Multicomercios S.A. le ofreció 10% de descuento en la siguiente compra. La ley de Protección al Consumidor especifica que una reposición debe ser por el valor del producto o el precio que se haya pagado en exceso cuando la calidad sea inferior a la indicada. Después de dos reuniones, una conciliatoria y otra de ofrecimiento de prueba, ante un delegado jurídico de la Diaco, con autoridad para archivar el caso y penalizar al proveedor, se llegó a un acuerdo: 60% de descuento. “De mi experiencia puedo decir que en estos procesos uno está solo. El personal de la Diaco no me ayudó a luchar, al contrario, me sugirió desde el inicio que aceptara un acuerdo”, relata.
En su siguiente visita a la tienda compró artículos por Q11 mil, por los que pagó Q4,500, aproximadamente. “Si hubieran multado a la empresa tal vez les habría salido más caro, aunque si me hubieran cambiado los zapatos se habrían ahorrado más”, reflexiona.
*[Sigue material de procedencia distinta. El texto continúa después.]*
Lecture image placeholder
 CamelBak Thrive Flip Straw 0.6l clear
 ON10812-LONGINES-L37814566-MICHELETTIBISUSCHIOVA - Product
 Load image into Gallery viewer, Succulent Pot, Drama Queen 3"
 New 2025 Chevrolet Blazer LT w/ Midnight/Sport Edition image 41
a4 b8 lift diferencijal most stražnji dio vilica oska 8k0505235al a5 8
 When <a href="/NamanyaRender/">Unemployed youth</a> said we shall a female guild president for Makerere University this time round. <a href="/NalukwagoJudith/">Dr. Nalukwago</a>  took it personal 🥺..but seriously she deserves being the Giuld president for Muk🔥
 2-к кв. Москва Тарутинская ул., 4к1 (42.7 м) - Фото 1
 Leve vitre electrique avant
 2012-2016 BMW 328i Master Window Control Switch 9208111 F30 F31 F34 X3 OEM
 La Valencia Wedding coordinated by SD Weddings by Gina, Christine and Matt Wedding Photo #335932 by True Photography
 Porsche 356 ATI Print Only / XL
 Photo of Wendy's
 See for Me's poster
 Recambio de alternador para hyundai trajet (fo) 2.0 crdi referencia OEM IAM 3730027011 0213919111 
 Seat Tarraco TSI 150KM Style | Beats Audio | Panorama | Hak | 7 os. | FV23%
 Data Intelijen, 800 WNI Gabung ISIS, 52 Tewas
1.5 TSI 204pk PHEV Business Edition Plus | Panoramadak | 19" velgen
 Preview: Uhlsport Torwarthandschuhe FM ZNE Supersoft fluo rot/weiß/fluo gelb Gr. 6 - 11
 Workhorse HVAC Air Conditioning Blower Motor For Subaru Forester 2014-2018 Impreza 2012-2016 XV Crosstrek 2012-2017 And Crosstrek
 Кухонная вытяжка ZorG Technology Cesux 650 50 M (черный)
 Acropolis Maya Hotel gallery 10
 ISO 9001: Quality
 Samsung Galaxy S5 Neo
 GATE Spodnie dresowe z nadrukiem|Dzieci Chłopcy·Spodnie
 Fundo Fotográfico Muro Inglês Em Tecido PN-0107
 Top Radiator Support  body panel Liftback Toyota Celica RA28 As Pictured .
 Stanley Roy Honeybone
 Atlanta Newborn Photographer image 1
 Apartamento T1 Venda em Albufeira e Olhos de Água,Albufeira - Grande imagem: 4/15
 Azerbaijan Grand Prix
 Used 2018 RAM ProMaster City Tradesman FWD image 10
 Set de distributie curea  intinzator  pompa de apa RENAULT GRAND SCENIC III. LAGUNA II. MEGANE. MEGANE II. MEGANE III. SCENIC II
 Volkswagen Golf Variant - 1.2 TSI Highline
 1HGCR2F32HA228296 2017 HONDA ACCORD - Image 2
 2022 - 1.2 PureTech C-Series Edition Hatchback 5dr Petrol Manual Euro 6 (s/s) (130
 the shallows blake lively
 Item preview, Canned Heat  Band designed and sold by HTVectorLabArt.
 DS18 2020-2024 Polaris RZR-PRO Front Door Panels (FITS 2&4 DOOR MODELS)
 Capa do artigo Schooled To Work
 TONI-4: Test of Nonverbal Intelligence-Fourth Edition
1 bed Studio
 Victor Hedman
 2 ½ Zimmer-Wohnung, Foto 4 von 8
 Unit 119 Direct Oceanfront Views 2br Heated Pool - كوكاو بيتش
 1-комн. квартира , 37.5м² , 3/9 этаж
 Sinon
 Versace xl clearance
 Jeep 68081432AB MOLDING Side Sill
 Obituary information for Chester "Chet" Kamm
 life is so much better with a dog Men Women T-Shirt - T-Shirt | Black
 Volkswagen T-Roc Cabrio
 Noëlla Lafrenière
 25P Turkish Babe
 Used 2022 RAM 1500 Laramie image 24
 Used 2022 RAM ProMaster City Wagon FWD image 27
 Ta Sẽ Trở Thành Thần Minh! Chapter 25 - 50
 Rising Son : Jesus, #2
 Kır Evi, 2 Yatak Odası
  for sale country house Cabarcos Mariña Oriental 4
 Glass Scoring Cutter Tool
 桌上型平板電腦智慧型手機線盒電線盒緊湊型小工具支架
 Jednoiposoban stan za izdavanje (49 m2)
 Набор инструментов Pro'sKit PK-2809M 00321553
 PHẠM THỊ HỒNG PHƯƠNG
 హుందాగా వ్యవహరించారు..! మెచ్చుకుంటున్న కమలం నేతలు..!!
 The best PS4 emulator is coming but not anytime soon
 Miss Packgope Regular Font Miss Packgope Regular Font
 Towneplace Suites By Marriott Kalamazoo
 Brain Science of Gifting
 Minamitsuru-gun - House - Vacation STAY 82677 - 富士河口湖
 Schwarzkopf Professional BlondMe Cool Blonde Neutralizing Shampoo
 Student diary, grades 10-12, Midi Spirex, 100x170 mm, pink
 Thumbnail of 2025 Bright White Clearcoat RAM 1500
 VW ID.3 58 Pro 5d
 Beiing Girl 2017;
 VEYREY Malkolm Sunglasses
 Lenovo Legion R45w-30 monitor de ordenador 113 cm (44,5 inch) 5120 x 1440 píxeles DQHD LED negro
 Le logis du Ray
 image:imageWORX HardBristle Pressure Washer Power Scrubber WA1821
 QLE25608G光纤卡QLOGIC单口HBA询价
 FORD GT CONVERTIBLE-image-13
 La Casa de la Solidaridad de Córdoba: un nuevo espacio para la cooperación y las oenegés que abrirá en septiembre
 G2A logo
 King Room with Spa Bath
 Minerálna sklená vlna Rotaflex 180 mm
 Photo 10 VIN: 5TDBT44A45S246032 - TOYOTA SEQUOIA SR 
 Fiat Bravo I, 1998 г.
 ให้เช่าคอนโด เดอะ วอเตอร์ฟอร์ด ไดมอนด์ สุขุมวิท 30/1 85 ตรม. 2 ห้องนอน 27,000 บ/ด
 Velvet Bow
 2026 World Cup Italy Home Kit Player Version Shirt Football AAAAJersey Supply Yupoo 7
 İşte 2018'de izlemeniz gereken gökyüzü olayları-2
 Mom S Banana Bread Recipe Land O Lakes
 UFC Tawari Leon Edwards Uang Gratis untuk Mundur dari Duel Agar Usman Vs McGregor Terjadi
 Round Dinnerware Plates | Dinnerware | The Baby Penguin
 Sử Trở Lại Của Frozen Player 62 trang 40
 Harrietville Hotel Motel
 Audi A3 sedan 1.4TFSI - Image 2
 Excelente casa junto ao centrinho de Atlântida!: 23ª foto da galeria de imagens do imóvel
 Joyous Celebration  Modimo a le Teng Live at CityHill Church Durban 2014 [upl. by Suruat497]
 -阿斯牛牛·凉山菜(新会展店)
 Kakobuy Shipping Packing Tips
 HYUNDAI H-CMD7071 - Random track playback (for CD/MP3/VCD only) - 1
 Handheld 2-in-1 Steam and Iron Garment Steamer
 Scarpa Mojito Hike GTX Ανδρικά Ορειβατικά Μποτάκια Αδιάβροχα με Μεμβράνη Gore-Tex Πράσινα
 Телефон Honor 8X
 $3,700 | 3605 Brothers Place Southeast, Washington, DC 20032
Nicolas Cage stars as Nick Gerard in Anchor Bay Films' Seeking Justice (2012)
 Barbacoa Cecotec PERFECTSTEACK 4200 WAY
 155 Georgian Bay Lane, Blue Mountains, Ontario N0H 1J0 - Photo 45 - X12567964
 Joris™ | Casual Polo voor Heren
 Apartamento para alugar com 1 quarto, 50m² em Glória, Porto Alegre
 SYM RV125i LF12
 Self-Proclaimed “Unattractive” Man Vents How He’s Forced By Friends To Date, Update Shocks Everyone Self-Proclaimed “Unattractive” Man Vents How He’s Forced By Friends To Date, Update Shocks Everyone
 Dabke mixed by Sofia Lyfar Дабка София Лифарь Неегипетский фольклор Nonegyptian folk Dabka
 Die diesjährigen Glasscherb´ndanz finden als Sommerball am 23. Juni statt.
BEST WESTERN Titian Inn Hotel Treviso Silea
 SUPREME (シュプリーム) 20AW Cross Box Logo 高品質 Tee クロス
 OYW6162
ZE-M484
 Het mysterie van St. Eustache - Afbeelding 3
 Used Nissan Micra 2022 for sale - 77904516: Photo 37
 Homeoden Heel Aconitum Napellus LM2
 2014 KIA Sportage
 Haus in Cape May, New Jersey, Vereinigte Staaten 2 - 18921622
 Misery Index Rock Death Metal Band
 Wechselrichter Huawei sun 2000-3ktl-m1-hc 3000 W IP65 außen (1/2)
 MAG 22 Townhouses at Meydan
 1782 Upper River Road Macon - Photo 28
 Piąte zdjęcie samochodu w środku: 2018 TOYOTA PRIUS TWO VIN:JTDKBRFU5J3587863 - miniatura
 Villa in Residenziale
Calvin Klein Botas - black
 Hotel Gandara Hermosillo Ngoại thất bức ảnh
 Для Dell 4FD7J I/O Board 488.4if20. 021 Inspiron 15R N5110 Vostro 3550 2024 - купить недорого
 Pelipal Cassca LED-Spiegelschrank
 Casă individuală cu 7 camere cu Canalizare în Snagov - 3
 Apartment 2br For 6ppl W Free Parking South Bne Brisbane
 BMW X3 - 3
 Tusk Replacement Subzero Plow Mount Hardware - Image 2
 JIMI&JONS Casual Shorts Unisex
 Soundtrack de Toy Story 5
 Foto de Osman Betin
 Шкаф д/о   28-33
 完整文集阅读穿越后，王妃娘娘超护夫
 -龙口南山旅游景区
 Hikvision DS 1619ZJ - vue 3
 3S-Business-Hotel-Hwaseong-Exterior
No se sabe si la empresa accedió a las condiciones del cliente por temor a una sanción pecuniaria o si era su forma de reconocer que sí hubo un error de fábrica en el calzado. La Diaco no tiene herramientas para determinar la calidad de ningún producto.
En México, por ejemplo, la Profeco tiene un laboratorio que evalúa la información nutricional y la compara con lo que dicen las etiquetas. En varias ocasiones ha expuesto los nombres de las marcas de yogures que no fueron elaborados con bacterias lácticas. En Guatemala nadie comprueba la veracidad de la información que ofrecen los fabricantes y distribuidores de alimentos.
La última iniciativa de ley para convertir a la Diaco en una Procuraduría fue presentada en 2015. Y aunque incorpora novedades, todavía es tímida. Norma la creación de bases de datos de las denuncias, prohíbe el cobro de la propina en la factura, la discriminación hacia el consumidor y el hostigamiento telefónico para ofrecer o cobrar servicios. Obliga a los proveedores a informar a la Procuraduría cómo resolvieron los reclamos en el Libro de Quejas. Regula que los intereses por créditos solo se cobren sobre los saldos y que el comprador tenga derecho a rescindir contratos de bienes inmuebles cuando haya “vicios ocultos” que le perjudiquen. Incluso habla de la creación de una fiscalía y un juzgado para atender las denuncias de la nueva procuraduría. Pero nada dice sobre laboratorios para verificar contenidos alimenticios ni de cómo dirimir las contradicciones en donde hay leyes específicas que le dan inmunidad a sectores poderosos, como las telefónicas o los bancos.